ROSSAnd, and this is the problem with this notion of fit. And particularly, as I said before, as we're, as we're filtering people at earlier and earlier stages, what you miss are the people who might push the envelope a little bit, to bring - now, most people I know in business say, we won't have a lot of different kinds of people here. And I don't just mean in terms of appearance and identity, I just mean, you know, thought diversity and, and people who come from -- and, yet, you know, the way the filtration systems are set up, sometimes, all of that gets eliminated before people get in the door.
ROSSAnd, and true -- the value of true complexity comes when we can stay in that integrative spot where we, we have a certain bandwidth that's wider than normal but not so wide that the system breaks. And we know that, that this shows up in subtle ways and, of course, the unconscious aspects of it are, are there even when the conscious one -- even when we think we're consciously on top of it.
ROSSSo, you know, just as an example, we know that there are numerous studies, one very famously (unintelligible) at MIT and Mary Amber (word?) at University of Chicago sent out resumes to companies that said that they were looking for affirmative hiring practices. They wanted to bring in a broader range of racial diversity. The, the resumes were identical, word for word, except for the names. Some of the names were traditionally white names like Gregory and Emily, some of them were traditionally African-American names like Keshia and Jamal.
ROSSFifty percent more of the white names were called back. And that same study was, was repeated in, in Singapore with Chinese based Suri-names and in Sweden with Swedish based surnames. And so, and so, you know, here people think, on one hand, that they're doing one thing but they respond differently, unconsciously. And so what we're trying to do with some of our clients, is to get them to remove some identifiers, especially in the online initial process.
ROSSFor example, do we even have to know the name of a candidate at first? Or, or some other factors that are extraneous. Or is it better for us, finding that out later after we've gone through an initial filtration system where subtleties like that, when looking at hundreds of resumes don't get thrown out. And there's one other aspect, Kojo...
ROSS...if I could continue for a moment.
ROSSAnd that is that often we're looking at fit as the person is now versus who they can become. So I can give you a very specific real-life example of this. We were doing some work with one of our clients in the financial industry, a client that really prizes itself on having a culture that's very collaborative in which, you know, people beating their chests is not considered an asset but rather a deficit. And they -- this -- I was working with a group of their leaders and this guy tells me this story.

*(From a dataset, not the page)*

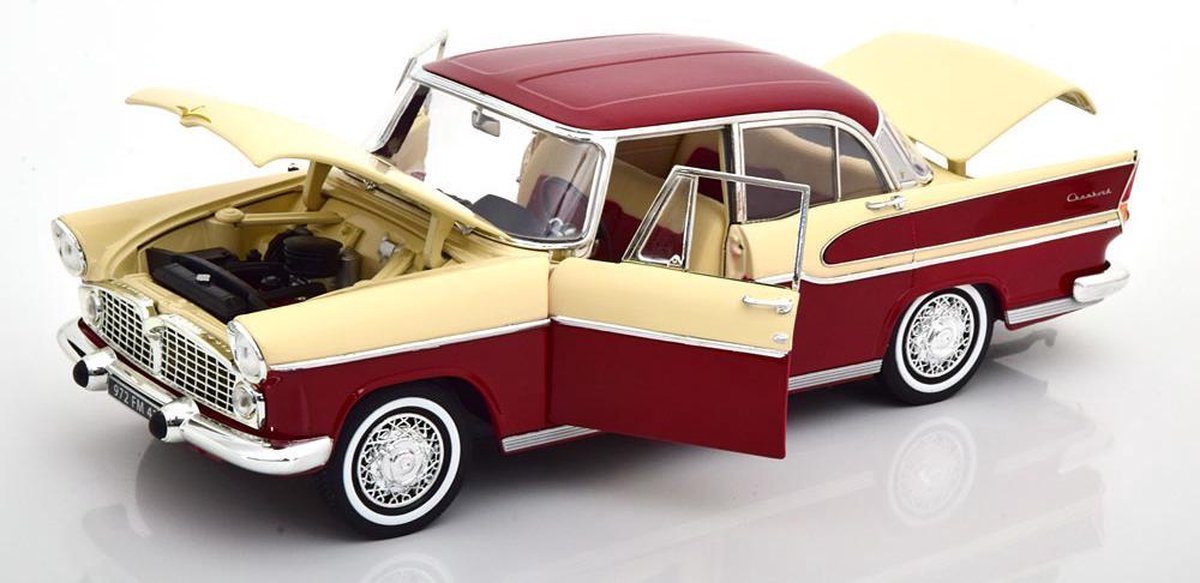 NOREV 91 - Simca Chambord + Caravane Henon - Rouge Et Gris - Miniature En Boîte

ROSSHe's a V.P. He came in from one of the big Wall Street firms that have the exact opposite kind of culture. And he came in because this Wall Street firm, you know, was struggling. He jumped over to this new company. He was given a big assignment. And what does he do? He comes in needing to prove himself. He goes to the method that he'd been there for 12 years, this other company, this is how they operate, you do this, you do this. They all complained to the boss. He almost got his tail end, you know, on the street in the first week.
ROSSBut he said to me, he said, but you know, the more I got comfortable with this kind of way of operating, the more I like it. And now two years later I'm more happy than I've ever been and I'm thriving. But for 12 years I had been trained in that other way. And that's what we have to be careful about. You know, people have often been trained by where they've been to be the way they are. And we can easily eliminate the things that show us their potential to be successful here as opposed to what they've proven.
NNAMDIHere is Amanda in Falls Church, Va. Amanda, you're on the air. Go ahead, please.
AMANDAOne of your previous guests -- I can't remember if it was Howard or Joel, I'm sorry -- mentioned that he posted something on Facebook and then one of his employees, someone on his team immediately replied to that.
NNAMDIThat’s was Howard, yeah.
AMANDAHoward, and then you responded kind of like you were surprised, like, are you on Facebook all the time? And I think we really have to be careful with that because anybody who's listening to this and recognizes my voice knows I'm on Facebook all the time. But I'm also engaged. I mean, I don't have to be on it starting at it all the time but if I see something my boss had posted and I have something that I can add to that or say to it, you better bet I'm going to reply to it.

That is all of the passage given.